Thursday, 13 June 2019: 9:00 AM
Rio Vista Salon A-C (San Diego Marriott Mission Valley)
Jamie R. Rhome, NHC, Miami, FL; and C. Fritz, R. Berg, T. Trogdon, L. Paulik, W. Booth, T. Sharon, E. Gibney, and P. J. Manougian
Last decade, hurricanes such as Katrina and Ike became watershed moments in how NOAA communicates storm surge forecasts, and even though significant advancements have been made since then, Hurricane Florence and Michael in 2018 showed that some aspects of communicating the storm surge hazards remain challenging. Social science studies have shown that the hesitation to prepare and evacuate from storm surge stems from multiple factors and cognitive biases, including a lack of understanding of what storm surge is and what it can do, the inability of people to personalize the hazard and accept that a devastating storm surge could occur where they live (perceived risk does not equal actual risk), and bad practices of comparing individual storms to previous events (the availability heuristic and normalcy bias).
To address these issues, the National Weather Service has been engaged in a decade-long initiative aimed at helping people overcome these cognitive biases and by improving the communication of the storm surge hazard.
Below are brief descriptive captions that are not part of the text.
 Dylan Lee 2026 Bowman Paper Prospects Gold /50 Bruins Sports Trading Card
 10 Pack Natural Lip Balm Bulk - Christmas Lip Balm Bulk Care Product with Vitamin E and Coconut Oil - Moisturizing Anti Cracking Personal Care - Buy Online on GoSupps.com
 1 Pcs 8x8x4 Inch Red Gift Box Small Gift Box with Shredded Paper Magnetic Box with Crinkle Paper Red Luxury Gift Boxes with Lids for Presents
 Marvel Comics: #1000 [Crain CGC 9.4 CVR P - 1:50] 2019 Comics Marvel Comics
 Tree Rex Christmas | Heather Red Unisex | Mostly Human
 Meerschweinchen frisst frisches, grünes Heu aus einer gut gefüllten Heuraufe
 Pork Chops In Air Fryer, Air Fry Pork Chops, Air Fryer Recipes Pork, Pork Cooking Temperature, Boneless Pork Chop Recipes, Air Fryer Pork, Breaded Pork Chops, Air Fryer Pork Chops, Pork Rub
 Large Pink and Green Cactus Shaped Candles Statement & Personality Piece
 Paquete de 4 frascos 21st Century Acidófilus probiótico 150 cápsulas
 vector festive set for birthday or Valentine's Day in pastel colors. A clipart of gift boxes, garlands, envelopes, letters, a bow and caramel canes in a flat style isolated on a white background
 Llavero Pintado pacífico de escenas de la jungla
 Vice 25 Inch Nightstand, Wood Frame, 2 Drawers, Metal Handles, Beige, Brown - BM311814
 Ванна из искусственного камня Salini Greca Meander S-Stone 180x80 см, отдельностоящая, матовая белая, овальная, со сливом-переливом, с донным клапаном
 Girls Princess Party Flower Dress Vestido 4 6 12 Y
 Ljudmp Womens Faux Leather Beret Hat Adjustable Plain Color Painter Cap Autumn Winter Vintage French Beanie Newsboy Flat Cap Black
The National Weather Service implemented an operational high-resolution inundation graphic, and accompanying GIS dataset, in 2016, and the first-ever explicit storm surge watch/warning product in 2017. Using recent hurricanes from 2017 and 2018, this presentation provides an assessment and validation of these new service improvements as well as the path ahead for additional improvements and expansion of similar capabilities for U.S. territories and island environments within the Caribbean and Pacific.